Pity No One or Pity Everyone

Pity is better than insult, but it still isn’t a positive reaction.
We often pity people who we think are below us. We use pity to establish a positive self image, when in reality, we feel superior to the other, and that feeling of superiority is not a positive trait. When someone is not able to take care of their health, due to negligence, lack of exercise, it’s easy to say you feel bad for them. “Poor guy, can’t take care of his health.” Or when someone hold a grudge against another, an obviously negative and counterproductive thing to do, we say “I feel bad for this person’s inability to end a fight.”

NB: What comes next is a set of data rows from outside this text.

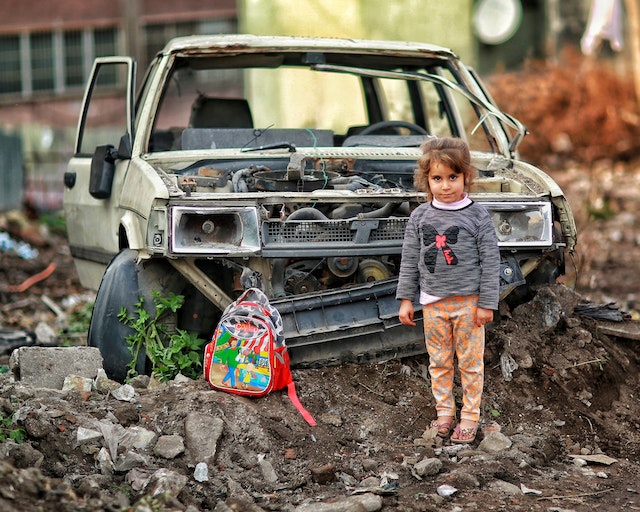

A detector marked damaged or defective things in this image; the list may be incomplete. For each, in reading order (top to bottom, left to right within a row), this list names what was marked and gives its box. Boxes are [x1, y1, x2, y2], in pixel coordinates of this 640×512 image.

wrecked car [62, 35, 576, 380]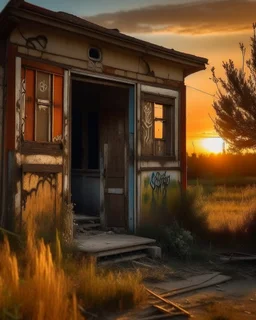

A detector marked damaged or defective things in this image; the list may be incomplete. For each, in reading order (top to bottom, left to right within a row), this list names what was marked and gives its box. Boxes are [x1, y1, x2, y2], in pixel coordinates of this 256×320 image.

broken window [22, 65, 63, 142]
broken window [141, 92, 175, 158]
rusty metal door [100, 107, 127, 228]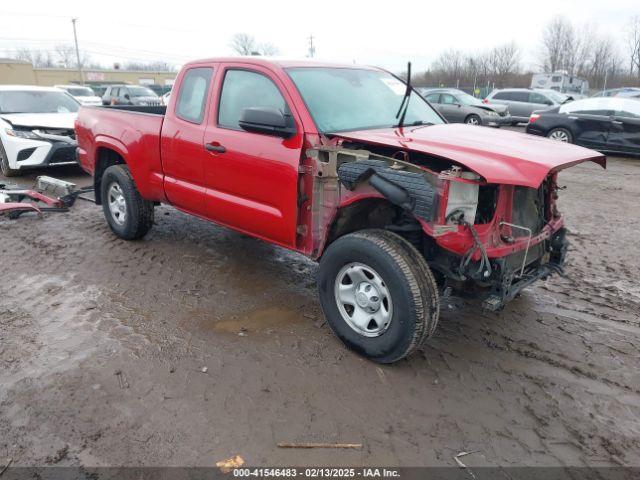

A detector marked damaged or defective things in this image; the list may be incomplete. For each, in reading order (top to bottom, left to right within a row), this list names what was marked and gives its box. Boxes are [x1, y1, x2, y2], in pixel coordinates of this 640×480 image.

crumpled hood [0, 111, 76, 129]
crumpled hood [336, 124, 604, 188]
severe front damage [304, 124, 604, 310]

I cannot even count the number of times such expressions of pity have entered my mind. Because I have an easy time controlling my diet and spending my time wisely, I see myself as “above” the ones who cannot do that. There are many people who cannot do what I can do easily, but it doesn’t make me better. When we blame poor people for their circumstances, when we pity their inability to get out of their situations, we aren’t helping anyone. There are times when I sometimes eat too much. There are many times when I procrastinate. To be human is to indulge in pleasures, sometimes uncontrollably. Sometimes these indulgences lead to self-destruction. That’s what they are meant to do. That I can rise above my desires at times, does not erase all the times I have succumbed to them. For some reason, when comparing ourselves to those we see inferior, we forget all the times we have behaved in similar ways. It is so easy to judge other people, and then to pity them. Doing so creates status differences. It creates the distinctions between people who are productive and those who are not. By denying our own shortcomings, by pitying, we are just adding divisions to an already-divided world.
I think that a world without pity is a world with compassion and empathy. Because if you don’t pity the man who eats too much food, you say, “I know what it feels to over-indulge at a buffet.” And when someone holds a grudge, you say, “I can be like that too.” In a way, we will all start being self-critical every time we see someone we would previously be critical of.

We are all just human beings, and our habits are strikingly similar. So it’d be more accurate to pity everyone for being human or pity no one for being human. (I say pity no one, because being human is great!)